Kehadiran Bang Wina dalam kehidupan kami di PJS, meski di luar struktur, tetap terasa kuat. Ia seolah jadi jembatan antara generasi senior dan junior, antara idealisme dan kenyataan lapangan, antara hukum dan etika.
DUNIA PERS Indonesia hari ini kehilangan salah satu tokoh terbaiknya. Seorang wartawan senior, pemikir hukum pers, pengajar penuh dedikasi dan penulis yang tak pernah lelah —Wina Armada Sukardi—telah berpulang ke rahmatullah, Kamis pukul 15.59 WIB.
Ia wafat setelah beberapa hari menjalani perawatan intensif akibat serangan jantung.

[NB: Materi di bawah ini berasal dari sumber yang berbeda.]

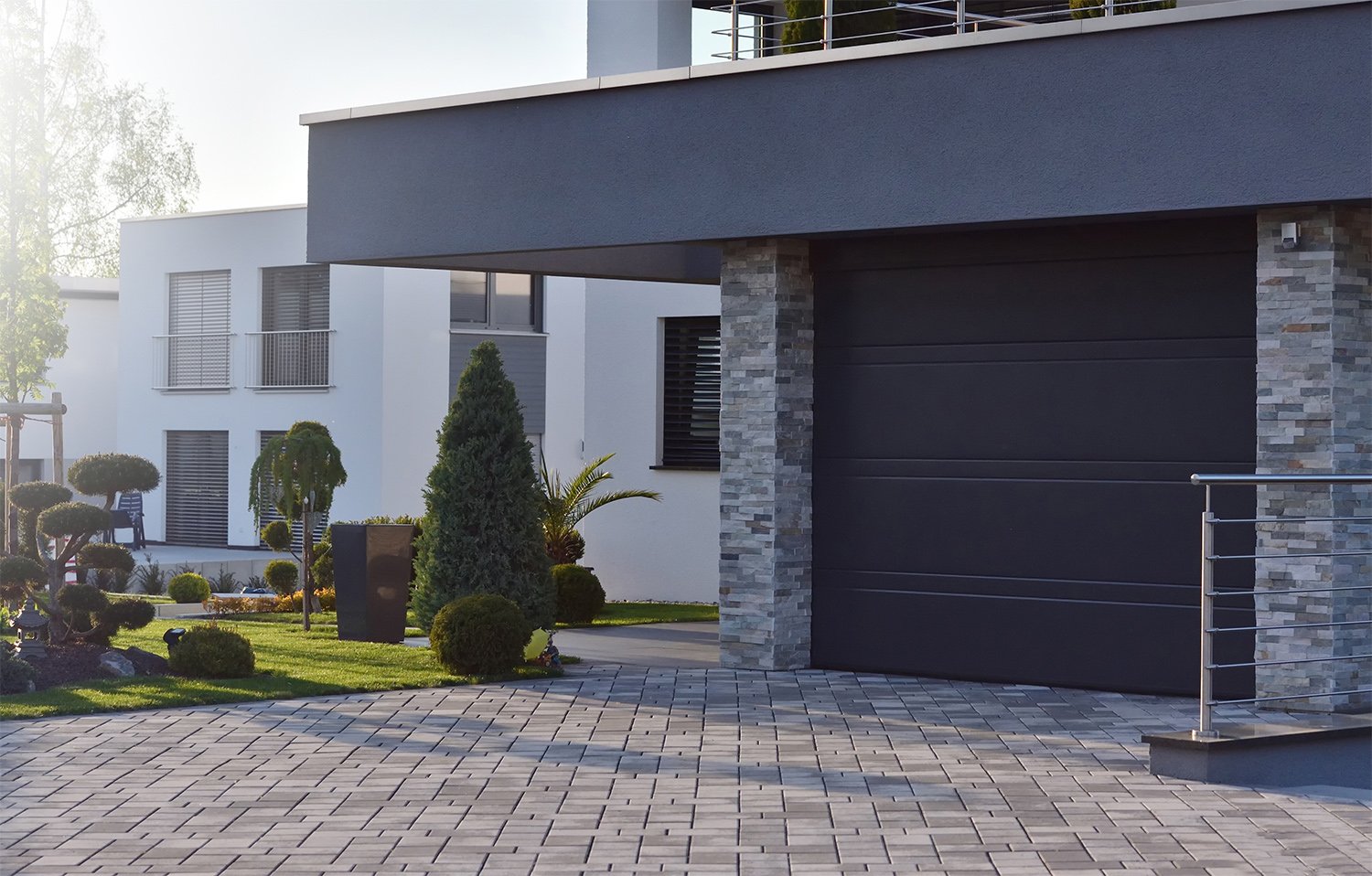 Modern home with a dark color one car garage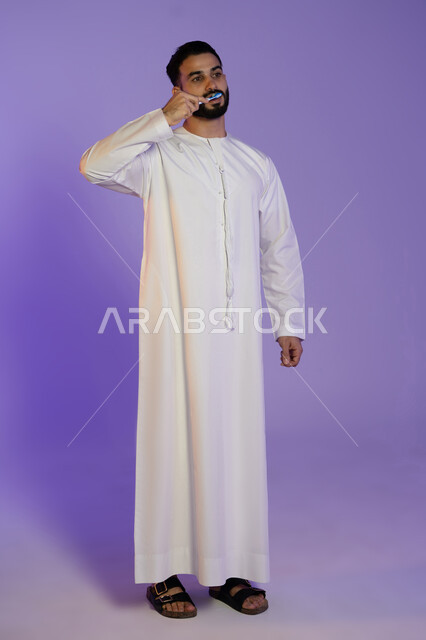 الاهتمام بالصحة والمظهر اليومي, الحفاظ على الأناقة والنظافة الشخصية، المحافظة على ابتسامة بيضاء، بورتريه لرجل عربي خليجي اماراتي يرتدي الكندورة الاماراتية و ينظف أسنانه بالفرشاة، خلفية بنفسجية
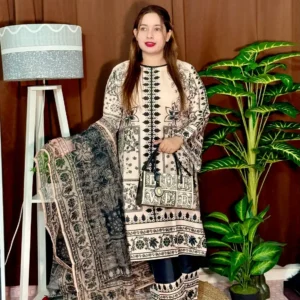 A woman stands indoors wearing a traditional South Asian outfit in beige and black with intricate floral and geometric patterns. The outfit includes a long kameez with printed detailing, straight trousers with matching prints, and a printed dupatta draped over her arm. She holds a black and white handbag that reads "LOVED." Her hair is straight and loose, and she wears bright pink lipstick. The background includes a brown curtain, a white standing lamp, a small potted plant on a white shelf, and tall green artificial plants.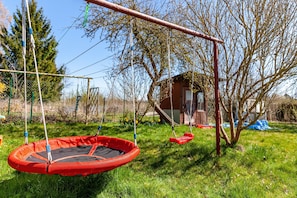Een trampoline met schommels, een houten constructie en een boom in een grasveld.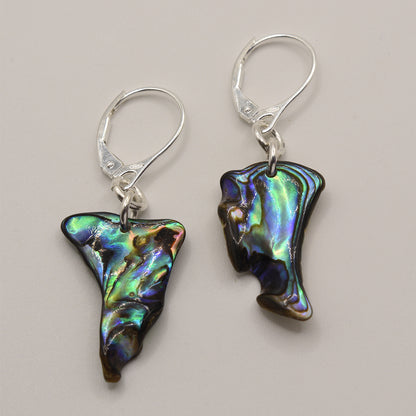 Salty Dreamers Earrings | Paua Shell Toroa feature handmade pāua shell pendants in irregular, iridescent blue, green, and purple tones on 925 silver hooks, displayed against a plain light background.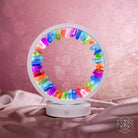 Rainbow After the Storm Clear Quartz Night Light by Conscious Items, featuring a colorful rainbow design and soothing glow.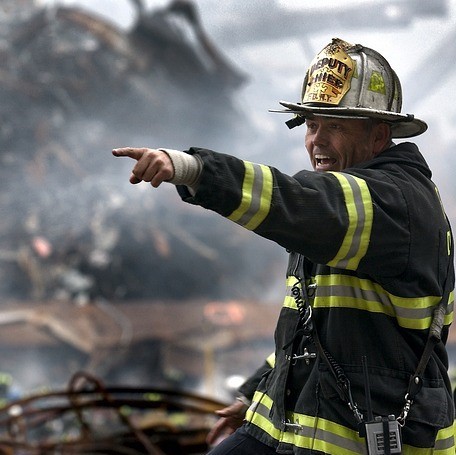 A firefighter calling out and pointing during a call. A firefighter calling out and pointing during a call.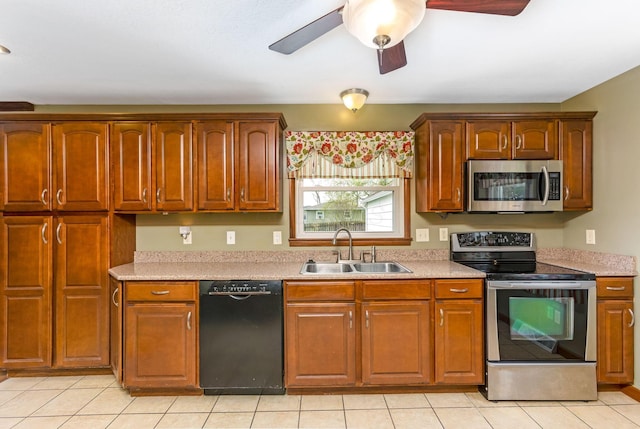 1738 W Chestnut St, Lancaster, OH 43130 - kitchen with light countertops, appliances with stainless steel finishes, a sink, and a ceiling fan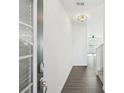 Bright entryway with hardwood floors, and a modern light fixture, leading into the home's living spaces at 2946 Stockholm Way, Suwanee, GA 30024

Bang Wina, begitu banyak orang menyapanya, bukan hanya dikenal karena karya jurnalistik dan pemikirannya yang tajam.
Beliau adalah sosok yang rendah hati, bersahaja, dan sangat terbuka terhadap siapa pun yang ingin belajar, berbagi, atau sekadar berdiskusi.
Saya mengenal almarhum secara pribadi. Tahun 2011, ketika mengikuti Training of Trainers (ToT) Ahli Pers Dewan Pers, beliau adalah salah satu penguji saya.
Saya masih ingat bagaimana cara beliau menyampaikan kritik—tajam tapi penuh kesadaran membangun.Sebagai peserta, saya merasa diuji oleh seseorang yang tidak hanya tahu teori, tapi telah menghidupi seluruh dinamika pers dengan sepenuh jiwa dan integritas.
Namun, ada satu momen yang akan selalu saya kenang sebagai kehormatan pribadi sekaligus simbol kedekatan batin kami: Bang Wina mengirimkan langsung buku karyanya berjudul “Menjadi Ahli Dewan Pers” kepada saya di Pekanbaru, Riau.
Sebuah hadiah yang tidak hanya bermakna simbolis, tetapi juga menjadi penyemangat bagi saya dalam meniti jalan sebagai insan pers dan pendidik di bidang jurnalistik.